I assume many of you have received the 5daydeal e-mail. Sounds amazing, but maybe too good to be true? Have you bought it before: happy, ho-hum, waste of money?

I'm on the fence for the following reasons:
- Videos. Most videos are atrocious. I watched Mark Levoy's google lectures, and they were moderately interesting, but also too slow paced. All I have seen on youtube is pure agony and with dreadful didactics, including the various video links from CR [sorry]. I taught science classes at university, so the bar is pretty high.

- Books. I found that the few photo books worth it have been published by Focal Press. Those include _Light: Science and Magic_ and _Applied Photographic Optics_. The Real World Image Sharpening book, Real World Color Management, Margulis' L*a*b book were good for digital techniques. Most other books show nice pictures, but are not addressing fundamentals. Are the 5daydeal books more like Focal Press, or more pretty pictures?

- Apps. Most pre-sets are for LR, but I have jumped the Adobe racket.
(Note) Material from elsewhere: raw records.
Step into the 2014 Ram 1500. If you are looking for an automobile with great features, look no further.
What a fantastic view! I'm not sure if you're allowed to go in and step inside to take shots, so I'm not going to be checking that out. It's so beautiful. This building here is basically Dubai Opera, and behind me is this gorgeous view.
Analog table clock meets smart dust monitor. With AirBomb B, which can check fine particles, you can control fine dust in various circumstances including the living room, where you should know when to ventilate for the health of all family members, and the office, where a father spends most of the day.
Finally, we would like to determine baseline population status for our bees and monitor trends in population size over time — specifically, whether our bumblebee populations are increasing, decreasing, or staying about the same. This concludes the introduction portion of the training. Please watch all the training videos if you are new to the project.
HDR might be interesting, but don't see anything for Aurora.


----------



## chauncey (Oct 14, 2016)

Let's see, $97, wow that's a lot of money to spend on education...especially when ya gotta take the time to actually learn something.
Maybe they could figure out a way to just infuse that knowledge with a jolt of electric current.


----------



## JMZawodny (Oct 15, 2016)

I look at these things and wonder why they are offered at $0.04 on the dollar to the core customers. I guess they think a half dozen folks will buy it, tell their friends how wonderful they are, and then tell them to go buy their own.


----------



## unfocused (Oct 15, 2016)

I've seen these deals for several years now. I'm always tempted, but have never pulled the trigger. When I read the descriptions closely, I don't actually find a lot I'm really interested in.
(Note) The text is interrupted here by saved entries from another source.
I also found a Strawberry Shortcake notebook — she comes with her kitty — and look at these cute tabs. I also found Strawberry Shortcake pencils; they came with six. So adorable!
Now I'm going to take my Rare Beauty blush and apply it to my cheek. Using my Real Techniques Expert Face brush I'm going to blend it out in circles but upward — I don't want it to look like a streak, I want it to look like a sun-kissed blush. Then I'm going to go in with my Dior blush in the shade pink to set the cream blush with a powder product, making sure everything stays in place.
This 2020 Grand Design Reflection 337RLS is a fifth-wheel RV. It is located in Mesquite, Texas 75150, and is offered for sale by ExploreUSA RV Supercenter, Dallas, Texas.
I would much rather buy an in-depth video from a site like Creative Live, which regularly has sales. I have a better idea of what I'm getting and can pick subjects I am actually interested in. The same with books. I'm old fashioned and I like real books. I have an extensive library of books on the topics that most interest me, rather than on topics someone else has picked. 

A lot of the "value" seems to be in plug-ins or Photoshop actions. I already have OnOne and Nik plug-ins. I don't use them to their fullest, so not sure I would want more.
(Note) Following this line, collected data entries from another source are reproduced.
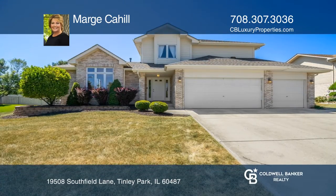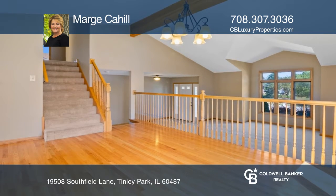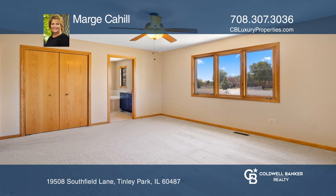This 4-bedroom, 2.5-bath forester-style home offers an open floor plan featuring a formal living and dining room with hardwood floors. The kitchen has cherry wood cabinets and granite counters.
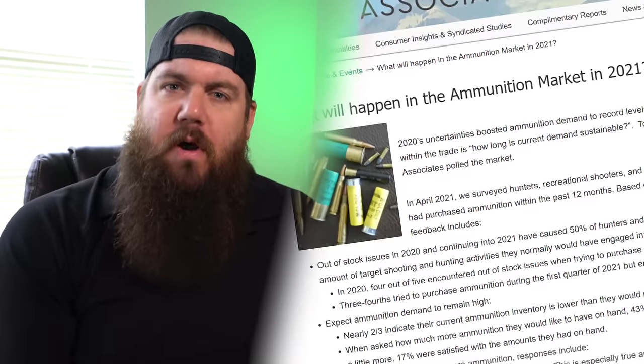This week on TGC News: a new Aimpoint Slide Rider, a new pistol from Bull Armory, and market research on the ammo crisis and why people are buying so much.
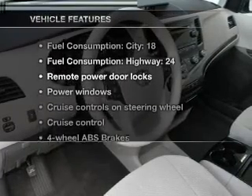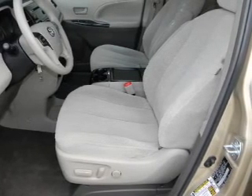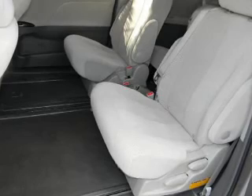Plus, enjoy these notable features included with this vehicle: air conditioning, power door locks, power windows, power steering, cruise control, and AM FM stereo with an MP3 player.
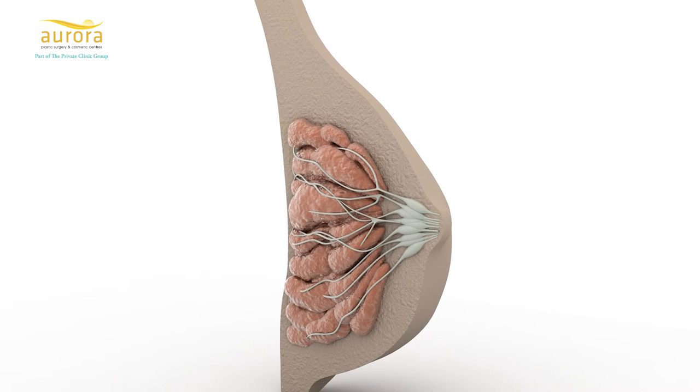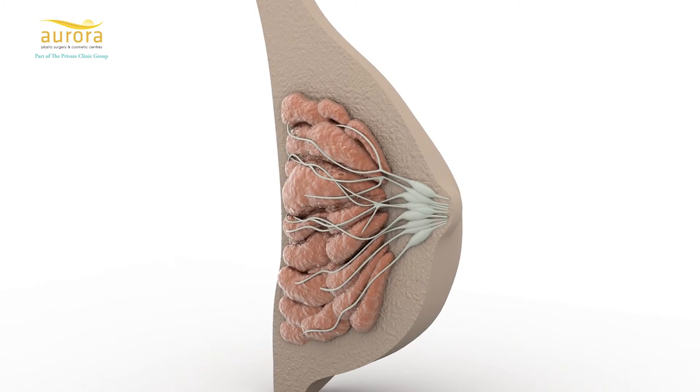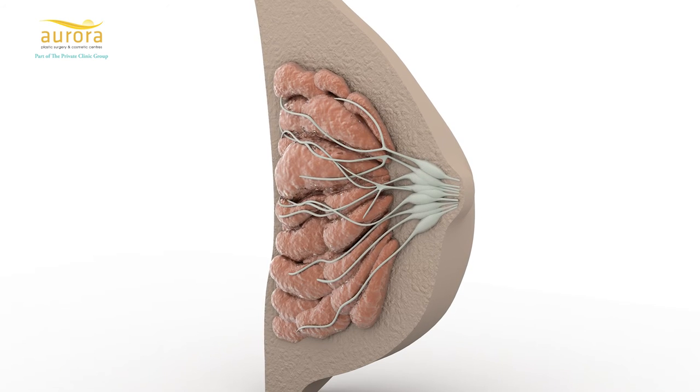If you have had long-standing inverted nipples, the cause is basically an imbalance between the muscle in the nipple and the milk ducts. The milk ducts tether the nipple in, and although the muscle contracts, it's not strong enough to bring the nipple out.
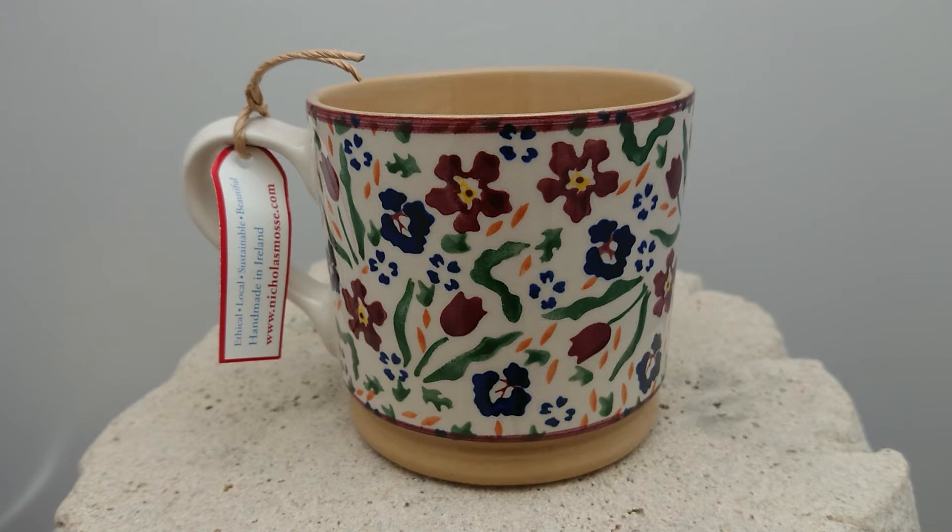This is a Nicholas Mosse large mug, and the design on this is Wildflower Meadow, as it's known. Nicholas has actually been working as a potter for over 55 years now, and he's now based in a pottery studio in Bennettsbridge in County Kilkenny in Ireland.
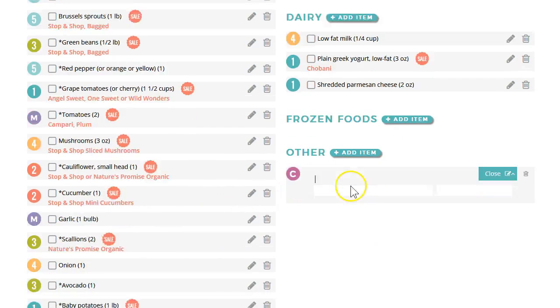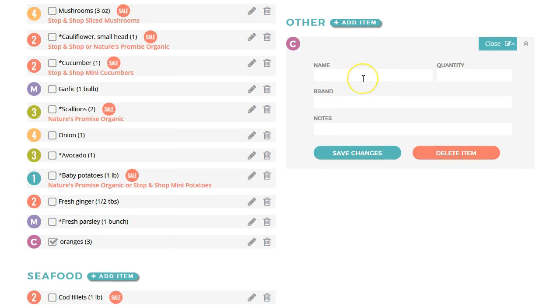You can also add new items to any category just by clicking on the add item icon and adding whatever you need.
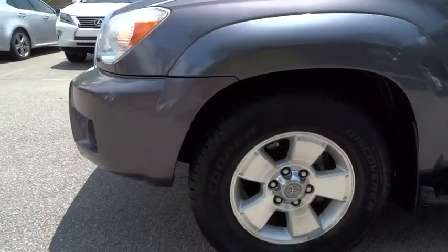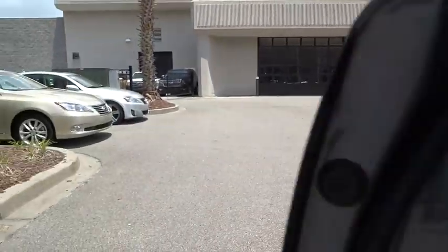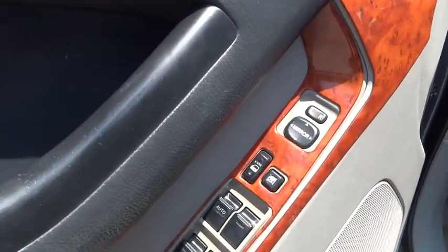Auto-off headlights, rear defrost, AM-FM stereo radio, climate control, fog lamps, electronic stability control, passenger airbag, power windows, child safety locks, bucket seats, CD player.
Basically, it's a great bargain if it contains things you actually will use and learn from. But, if you never watch the videos or have an interest in the subjects, then it's not a good deal.

Read the descriptions carefully and judge based on what you know you will use.


----------



## Mt Spokane Photography (Oct 15, 2016)

A large number of people have bought the materials, they are advertised on all the major photography forums. 

I think its a wonderful thing that so many expert photographers are sharing their knowledge and expertise at a low price.

Some people do not like to learn by watching videos or reading, that's a personal matter, we all learn our own way. I would not put the program down just because, for example, that type of training does not work for me, its a wonderful offer.


----------



## AlanF (Oct 15, 2016)

It's worth it for some: 10% goes to charity, $650,000 has gone to charity, hence sales have been $6,500,000.


----------



## Zeidora (Oct 15, 2016)

Thanks for the replies. Nobody has actually gone for it. That is interesting in itself, and not speaking in favor of it.

Nobody has addressed quality of offerings either, particularly in relation to the specific books and video examples I gave. Unfocussed comment on details of offerings are not as enticing as the titles may suggest, that is exactly my impression as well. That's why I asked the question. There are just a few items that may be appealing (e.g., HDR), but most is not up my alley (e.g., portraiture, business). Nothing on optics, nothing on macro/micro.

Re quality, as an example, most photo books will explain to increase local contrast, slide the local contrast slider to the right. What I look for is something akin to the first derivative of delta brightness over radius x is multiplied by a fixed factor, or even a curve function (S, log, gamma). Or some matrix algebra as explained by Mark Levoy in the context of jpeg encoding. THAT was interesting and provides deeper understanding.

Re charity, 10% goes to some charity. I prefer giving 100% to a charity I select.

Re volume, that is their claim. Usually high volume sales are of low quality items. The testimonials are selected by provider, so extremely skewed.


----------